A road movie in which Duncan (Chris Marquette), an autistic young man presented as lovable naïf, and Maya (Rumer Willis), an embattled but secretly tender young woman, embark on an improvised car trip, The Odd Way Home pulls its punches, so to speak, right from the start.
Moments after the opening credits, Maya is viciously beaten by her boyfriend, and the viewer is given to believe that this is the couple’s status quo. The next morning she quietly slips away in his truck, only a vague destination in mind.

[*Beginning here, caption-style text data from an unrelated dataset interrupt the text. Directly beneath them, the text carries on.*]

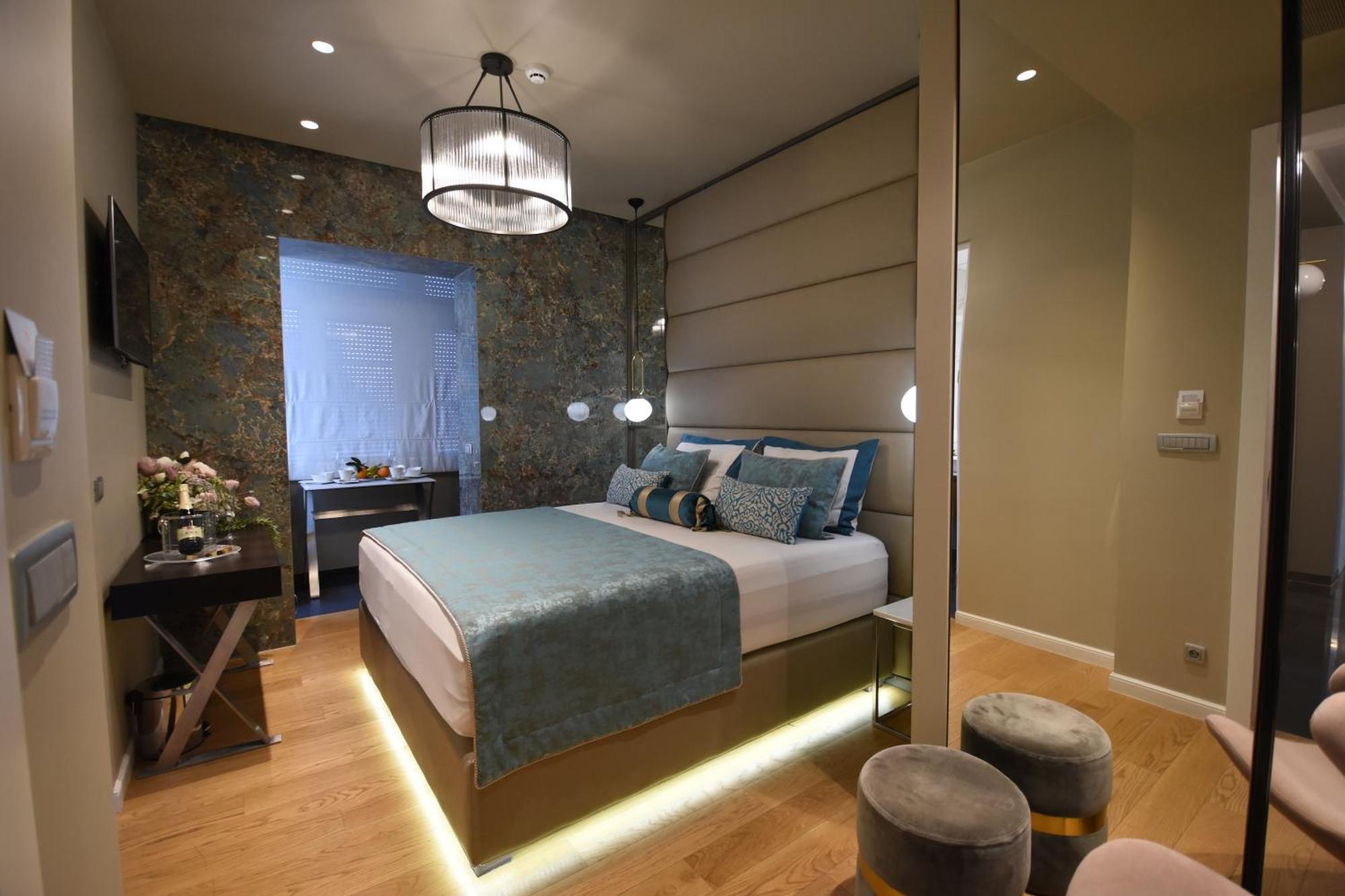 Luxury Fortuna Apartment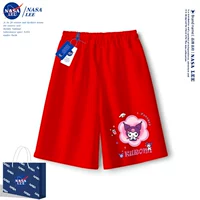 Красные шорты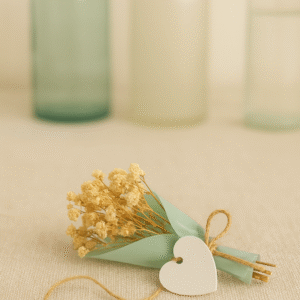 Raminho de flores secas com coração em gesso perfumado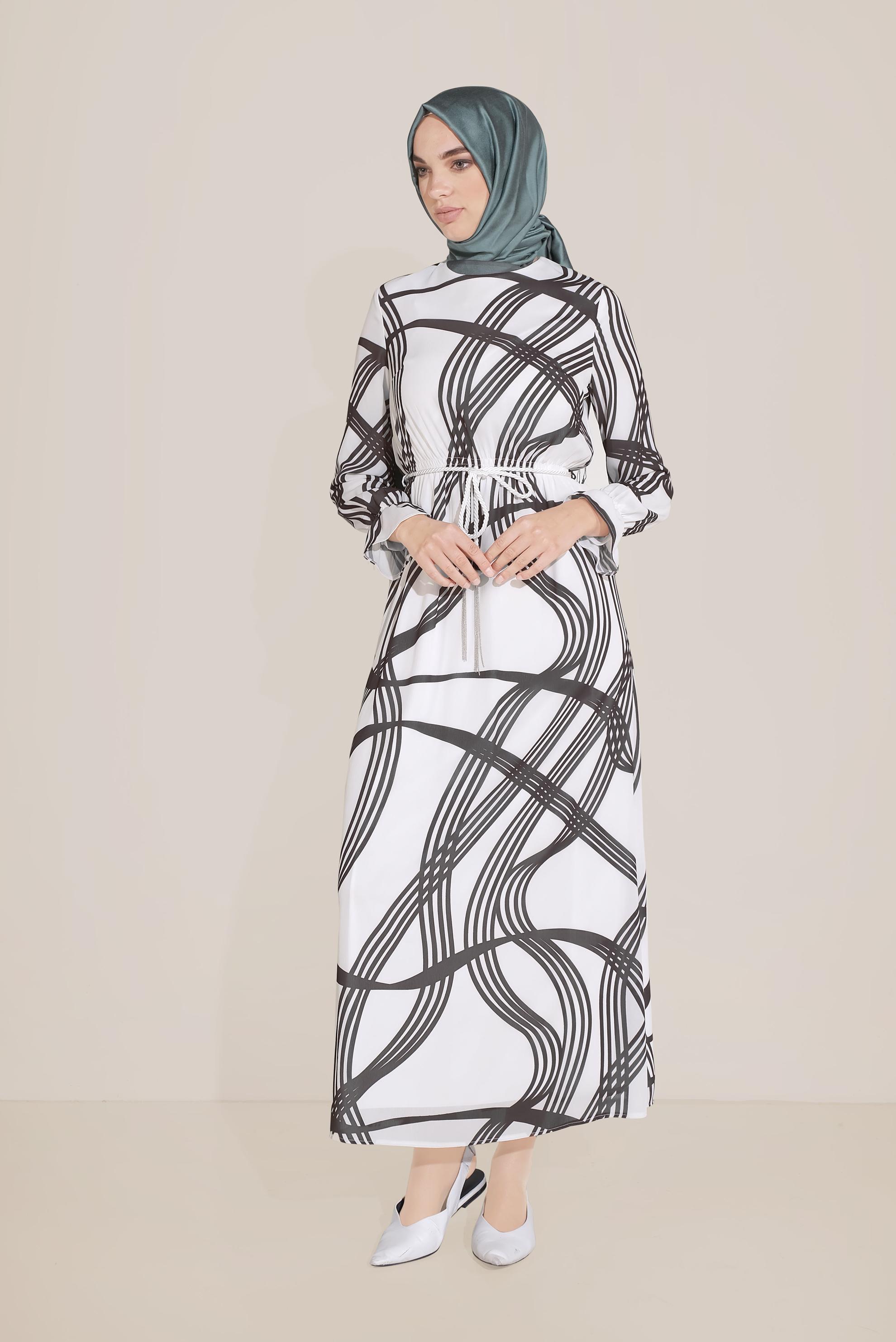 Tesettür giyim SİYAH BELDEN BAĞLAMALI DESENLİ ELBİSE 40817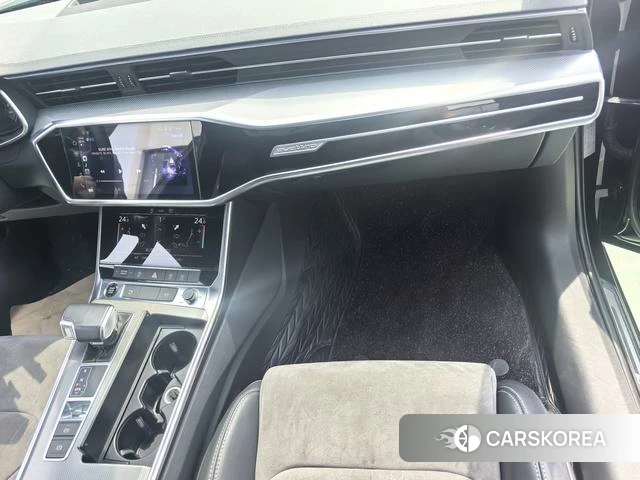 Audi A6L id 4334918 из Китая 14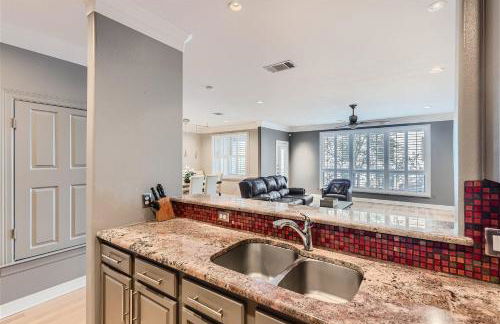 Experience Austin + 3 BR + 5 mins to Downtown! - Foto 8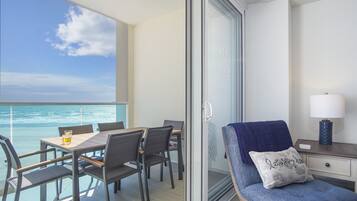 Condo, 1 King Bed with Sofa bed, Balcony, Ocean View (Encantame Towers Verano 503) | Outdoor dining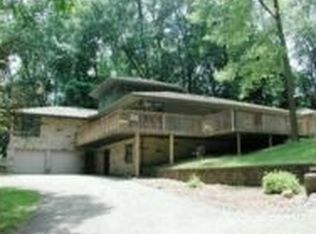 409 Rabbit Run Ln SE, Cedar Rapids, IA 52403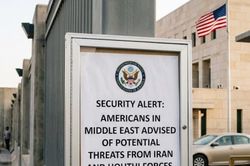 Mỹ cảnh b&aacute;o c&ocirc;ng d&acirc;n ở Trung Đ&ocirc;ng, Iran n&oacute;i 'c&ograve;n việc chưa xong' với Israel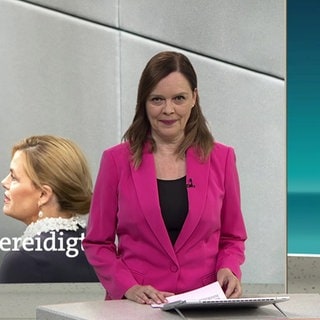 Nachrichtensprecherin Anke Neuzerling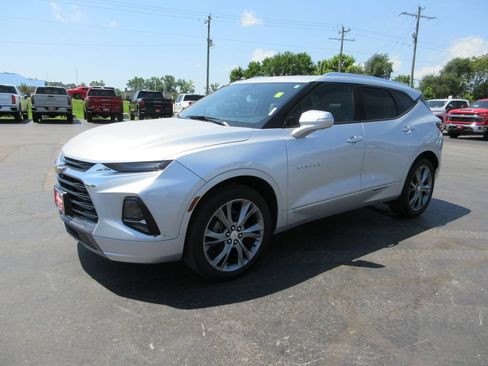 Certified 2020 Chevrolet Blazer Premier w/ Driver Confidence II Package FWD image 11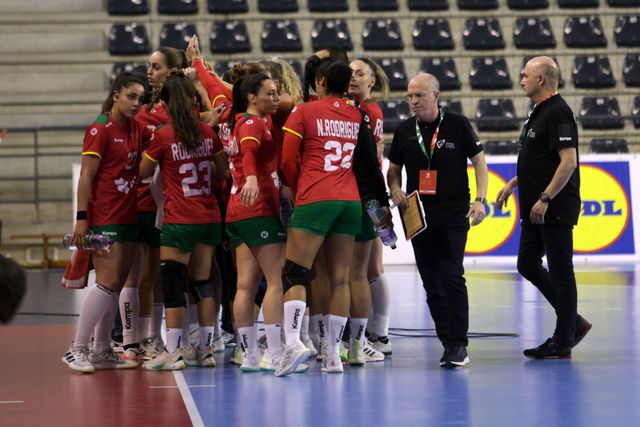 Seleção perde com os Países Baixos e adia apuramento para a última jornada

That all occurs in the first five minutes, but it’s here that director that Rajeev Nirmalakhandan (who co-wrote the script with Jason Ronstadt) unintentionally reveals his surface take on his own material. Willis’s makeup is less evocative of someone who’s survived a vicious assault than it is of a model in one of those fashion layouts whose aesthetic is domestic violence chic. Superficiality and cliché mark the film’s notions of family, dysfunction, and even survival.
After making her way from L.A. to New Mexico, car trouble leads Maya to break into the home Duncan shares with his grandmother and steal the camper that he sleeps in. A few plot twists later, the duo are on the road, where detours into both their pasts turn up Brendan Sexton III (as a betrayed beau) and Veronica Cartwright (as a boozy harridan) in movie-stealing performances.
Willis’s performance is in prickly Julia Roberts–mode for much of the film, though she’s moving in the final act. Marquette, as he often has in his film and TV work, elevates some ghastly material, bringing a human touch to the script’s overripe yet hackneyed dialogue.